If you configure too many ASE engines for the underlying CPU’s, you will observe some significant loss of throughput. It is due to the high number of involuntary context switches.

Hyper-Threading

Hyper-Threading creates “virtual CPU’s”. So an application running on a system where Hyper-Threading is enabled will think that there are twice as many CPUs as physically available. ASE will not make any difference between virtual CPU’s and real CPU’s.

Although Hyper-Threading provides the ability run two ASE engines for one physical processor, you need to keep in mind that it is still not equivalent to running two engines with two physical processors.

In many cases, you should consider switching off Hyper-Threading. Except if you actually only have very few physical CPU cores available, HT will probably not bring you the expected benefits. You might run into problems because ASE doesn’t see that two CPU’s are basically running on the same physical CPU and it should rather distribute the load between physical CPU’s instead of distributing two queries to the 2 CPU’s running on same physical CPU. Also ASE could schedule queries run at the same time to run only on the virtual CPU’s while it would be better to run them on the real CPU’s (although theoretically, there should be no difference in performance between a virtual CPU and a real one).

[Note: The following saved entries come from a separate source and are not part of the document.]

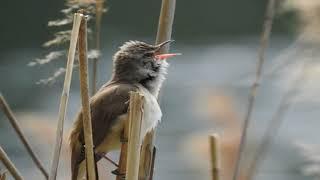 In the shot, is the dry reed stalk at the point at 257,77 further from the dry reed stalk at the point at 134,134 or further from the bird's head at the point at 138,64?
the dry reed stalk at the point at 134,134

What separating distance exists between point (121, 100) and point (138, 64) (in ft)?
0.79

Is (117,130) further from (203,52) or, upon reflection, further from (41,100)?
(203,52)

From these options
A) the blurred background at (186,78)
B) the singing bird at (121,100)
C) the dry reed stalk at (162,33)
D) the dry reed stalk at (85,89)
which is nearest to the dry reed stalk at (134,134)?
the dry reed stalk at (85,89)

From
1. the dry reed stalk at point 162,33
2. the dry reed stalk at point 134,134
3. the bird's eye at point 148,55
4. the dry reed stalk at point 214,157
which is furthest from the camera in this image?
the bird's eye at point 148,55

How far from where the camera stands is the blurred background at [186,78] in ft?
10.3

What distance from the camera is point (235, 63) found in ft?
18.2

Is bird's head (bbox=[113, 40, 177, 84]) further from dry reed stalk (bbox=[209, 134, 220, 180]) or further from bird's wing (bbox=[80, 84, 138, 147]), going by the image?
dry reed stalk (bbox=[209, 134, 220, 180])

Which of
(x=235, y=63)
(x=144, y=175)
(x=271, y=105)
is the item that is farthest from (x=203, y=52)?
(x=144, y=175)

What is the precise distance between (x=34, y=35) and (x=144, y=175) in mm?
4508

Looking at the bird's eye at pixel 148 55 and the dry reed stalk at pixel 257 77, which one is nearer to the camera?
the dry reed stalk at pixel 257 77

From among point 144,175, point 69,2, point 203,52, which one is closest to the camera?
point 144,175

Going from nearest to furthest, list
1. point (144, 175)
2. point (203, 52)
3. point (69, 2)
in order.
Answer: point (144, 175), point (69, 2), point (203, 52)

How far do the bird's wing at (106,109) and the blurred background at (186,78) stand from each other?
0.49m

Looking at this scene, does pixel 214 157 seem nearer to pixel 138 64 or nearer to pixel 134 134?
pixel 134 134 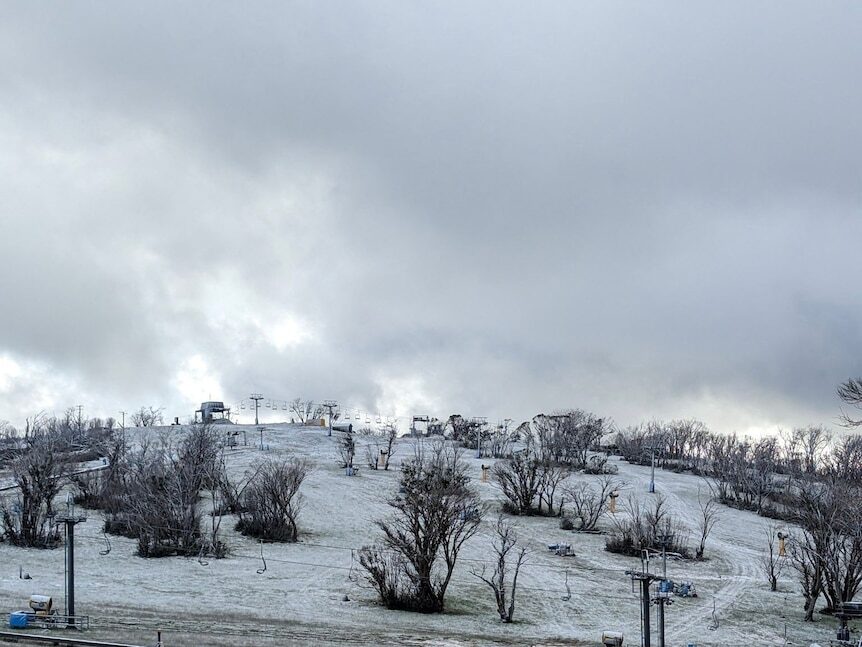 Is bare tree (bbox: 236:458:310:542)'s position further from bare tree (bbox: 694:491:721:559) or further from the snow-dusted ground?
bare tree (bbox: 694:491:721:559)

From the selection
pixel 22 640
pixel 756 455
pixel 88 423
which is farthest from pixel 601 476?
pixel 88 423

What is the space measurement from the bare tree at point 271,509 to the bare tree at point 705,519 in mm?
28878

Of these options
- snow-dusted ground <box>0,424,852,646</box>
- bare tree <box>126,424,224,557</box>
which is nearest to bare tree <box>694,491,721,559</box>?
snow-dusted ground <box>0,424,852,646</box>

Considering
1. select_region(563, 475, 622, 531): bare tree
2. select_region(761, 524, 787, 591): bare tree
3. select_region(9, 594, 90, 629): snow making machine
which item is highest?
select_region(9, 594, 90, 629): snow making machine

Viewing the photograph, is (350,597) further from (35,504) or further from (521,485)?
(521,485)

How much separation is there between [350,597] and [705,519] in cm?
3106

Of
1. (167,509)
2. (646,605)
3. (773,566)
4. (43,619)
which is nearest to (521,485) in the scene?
(773,566)

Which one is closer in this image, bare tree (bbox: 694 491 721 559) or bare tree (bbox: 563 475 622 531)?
bare tree (bbox: 694 491 721 559)

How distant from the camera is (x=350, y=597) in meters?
41.7

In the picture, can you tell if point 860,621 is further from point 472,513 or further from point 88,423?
point 88,423

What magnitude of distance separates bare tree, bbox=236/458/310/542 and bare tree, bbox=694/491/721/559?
28.9 metres

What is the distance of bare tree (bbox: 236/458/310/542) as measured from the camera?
5697 centimetres

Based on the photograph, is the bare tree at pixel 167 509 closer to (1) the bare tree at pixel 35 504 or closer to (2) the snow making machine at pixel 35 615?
(1) the bare tree at pixel 35 504

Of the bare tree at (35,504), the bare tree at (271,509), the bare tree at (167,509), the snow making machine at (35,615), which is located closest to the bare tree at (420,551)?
the bare tree at (167,509)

But keep in mind that whether HT will bring performance benefits or on the contrary make you system slower really depends on the system itself. It highly depends on your actual hardware and workload. So benchmarking it on the specific system might still be a good idea.

ASE 15.7 comes with a threaded kernel. It takes advantage of threaded CPU architectures. It can thus reduce context switching to threads instead of processes, which brings a performance boost. But this is not related to Hyper-Threading.

Using the default kernel for ASE 15.7, each engine is a thread which lives in a thread pool instead of being an OS process (which was already the case for ASE on Windows even before ASE 15.7).

CPU Affinity

The processes for the different ASE engines have by default no affinity to the physical or virtual processors. Usually, it is not required to force any CPU affinity as ASE will handle it properly.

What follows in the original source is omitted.